The ruling focused on the issue of the discharge of second mortgages during Chapter 7 bankruptcy. A lower court ruling allowed homeowners to eliminate a second mortgage if their homes were "underwater," meaning the value of the home was worth less than what is owed on the property. However, the high court looked at the cases that set a legal precedent on the matter and reversed the earlier ruling.
Loans that are secured by collateral, such as real estate, are protected from discharge during bankruptcy because the lender can seize the property if payment is not made. In this case, the issue before the court was whether a second mortgage met the standard of being "secured." An earlier decision concerning Chapter 13 bankruptcy resulted in a ruling that second mortgages that hold no collateral value can be stripped away during the bankruptcy process, as there is nothing of value for the lender to seize.
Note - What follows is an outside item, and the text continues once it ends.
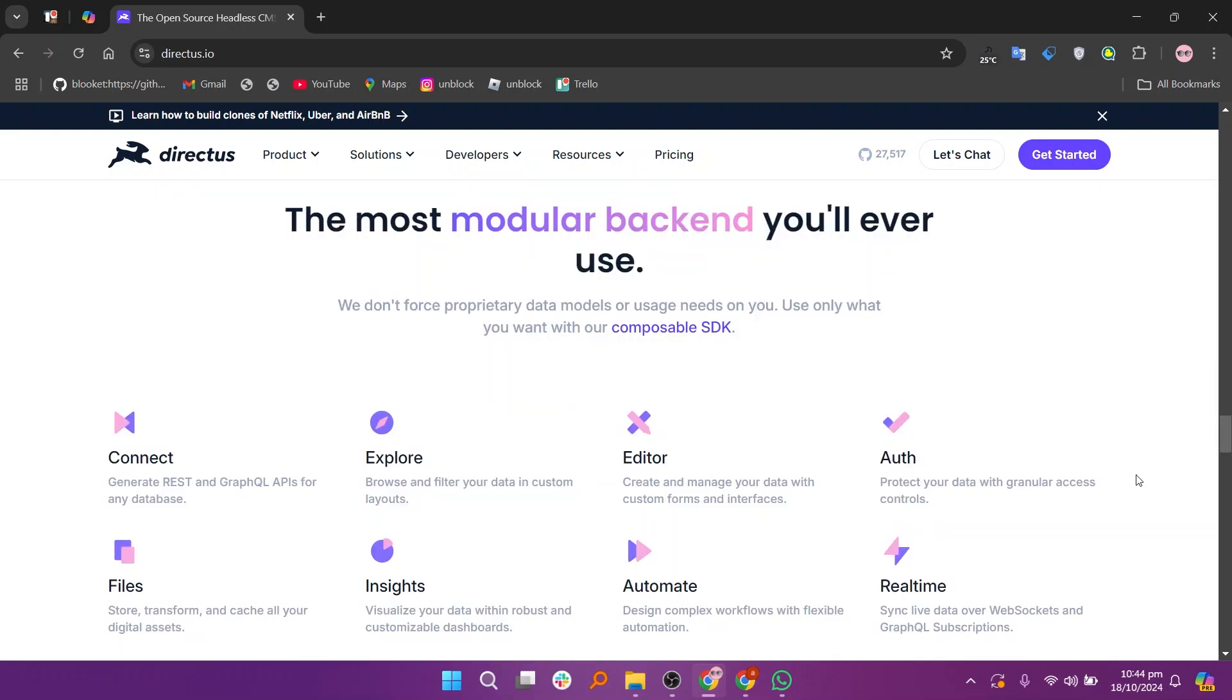So that's the comparison between Supabase and Directus. Make sure to use the links given down in the description to get started with either platform.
For California homeowners who owe more on their home than the property is currently worth, this decision can have a major impact on their financial futures. In such cases, pursuing Chapter 13 bankruptcy might offer a solid path toward financial stability. While future court cases might clarify the matter and change the power of bankruptcy to eliminate second mortgage debt, those consumers who complete their bankruptcy prior to such a ruling would not suffer.